Pilules de 3e et 4e génération : les ventes chutent de 23%

Les avis négatifs émis par les autorités de santé sur les pilules contraceptives de 3e et de 4e génération et notamment sur les risques de formation de caillots sanguins que la prise de celles-ci accentuerait se sont traduits, nous rapporte une dépêche AFP, par une baisse significative des ventes de l’ordre de 23% sur le seul mois de janvier 2013.

Qui plus est, la méfiance que les pilules contraceptives ont suscitée chez les Français s’est également manifestée par une diminution des ventes de tous les types de contraceptifs oraux combinés (COC), c’est-à-dire toutes les pilules, quelle que soit leur génération, de l’ordre de 3,5% en janvier toujours.

Environ 150 000 femmes auraient cessé d’acheter la pilule

3,5% de ventes de pilules contraceptives en moins, toutes générations confondues, ça équivaut, nous dit l’AFP, à 150000 femmes qui auraient cesséd’acheter la pilule. L’agence du médicament (ANSM) qui a rendu publics ces chiffres lundi 25 février, réitère la recommandation faite aux médecins de prescrire en première intention des pilules de 2e et de 1ère génération.

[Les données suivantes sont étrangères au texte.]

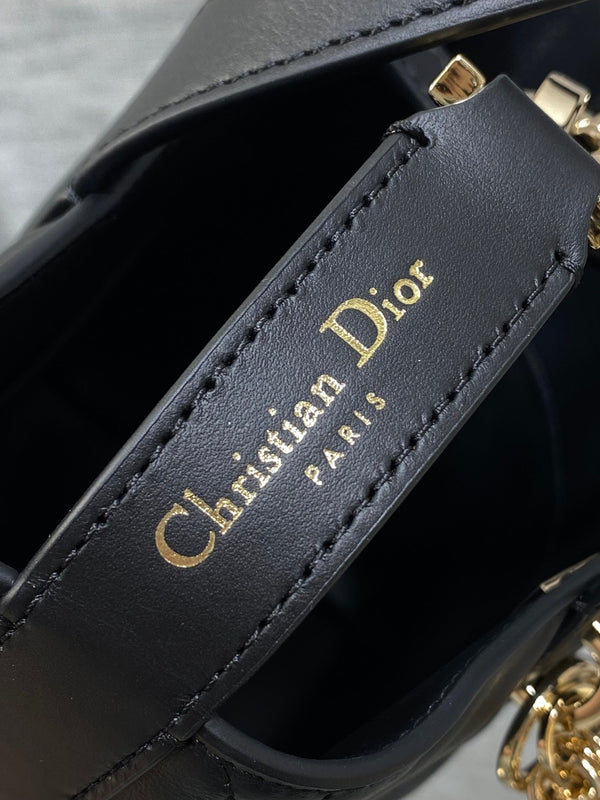 CD Toujours Vertical Small Built-In Lucky Charm Chain 18cm Black Lambskin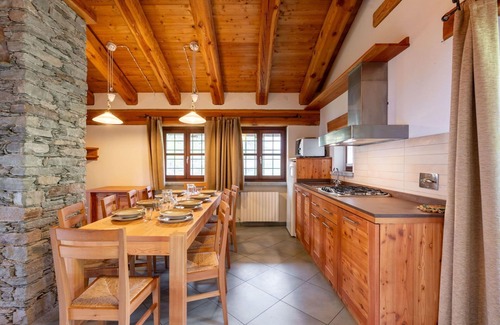 Sampeyre Maison | Belle maison de vacances privée pour 9 personnes avec TV et patio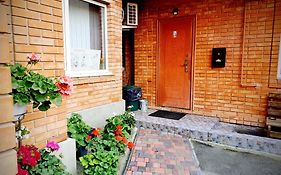 Apartment On Hoholya 90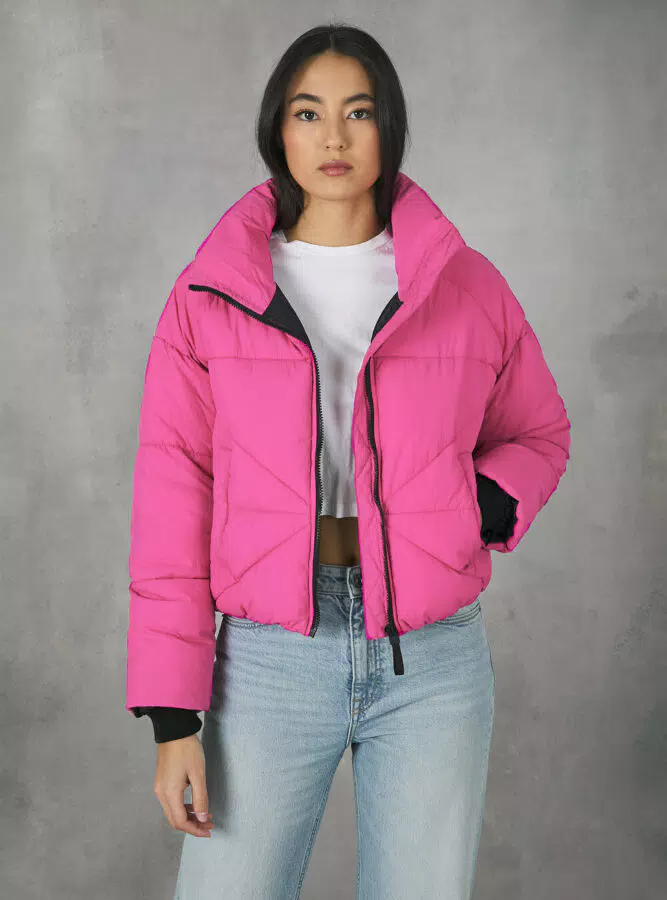 Giubbotto bomber cropped con imbottitura riciclata, vari colori, in offerta (67%)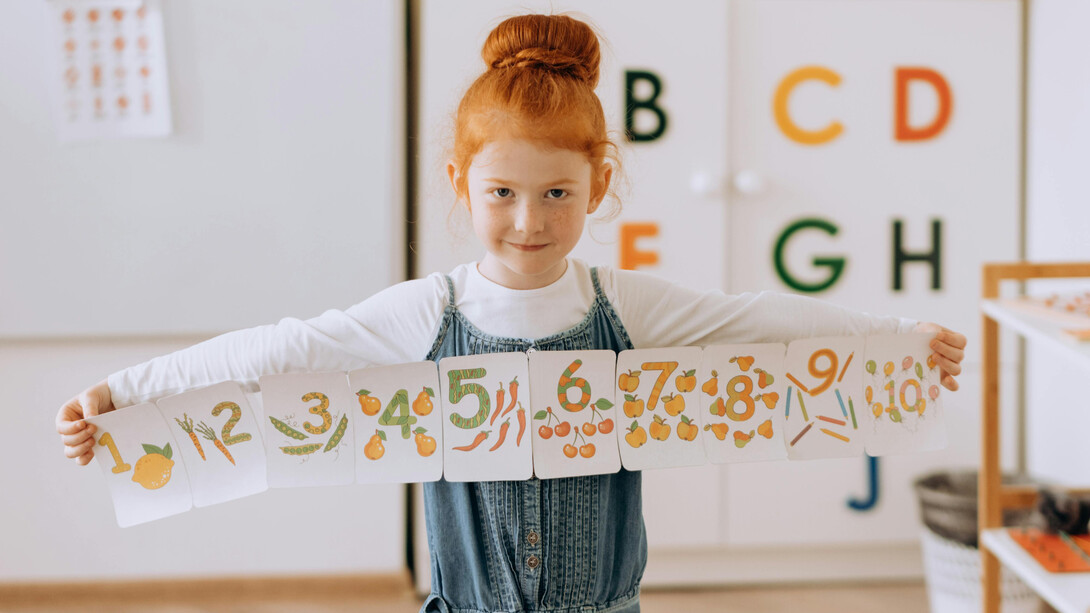 A alfabetização visual amplia nossa compreensão do mundo por meio de imagens, gráficos e formas, tornando-se uma habilidade essencial na educação contemporânea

En outre, l’agence nous fait savoir que deux nouveaux décès, l’un en 1999 et l’autre en septembre2012, viennent s’ajouter aux 13 décès attribués aux pilules contraceptives depuis 1985 et que 36 nouveaux cas d’accidents en relation avec la prise de la pilule ont été notifiés en janvier, ce qui porte à plus de 600 le nombre total d’accidents liés à ces contraceptifs.

Toutefois, ce chiffre ne suffirait à rendre compte de la réalité puisque l’ANSM rappelle que «seuls environ 10% des accidents ou incidents liés à la prise de médicaments sont finalement notifiés aux autorités sanitaires».

La vente des pilules chute alors que celle des stérilets augmente

Dans une étude publiée le lundi 23 juin 2014, l’ANSM confirme la tendance à la baisse pour la prescription des pilules de 3e et 4e génération en comparant la période de janvier à avril de 2012 et de 2014: une chute de 60% pour ces pilules alors que la vente des pilules de 1e et 2e génération a augmenté de 36%.

Autre tendance remarquée par l’ANSM est la progression des ventes de stérilets comme moyen de contraception, car les femmes ne veulent pas prendre de risques d’accidents thromboemboliques, c’est-à-dire l’oblitération de vaisseaux sanguins par la formation de caillots de sang.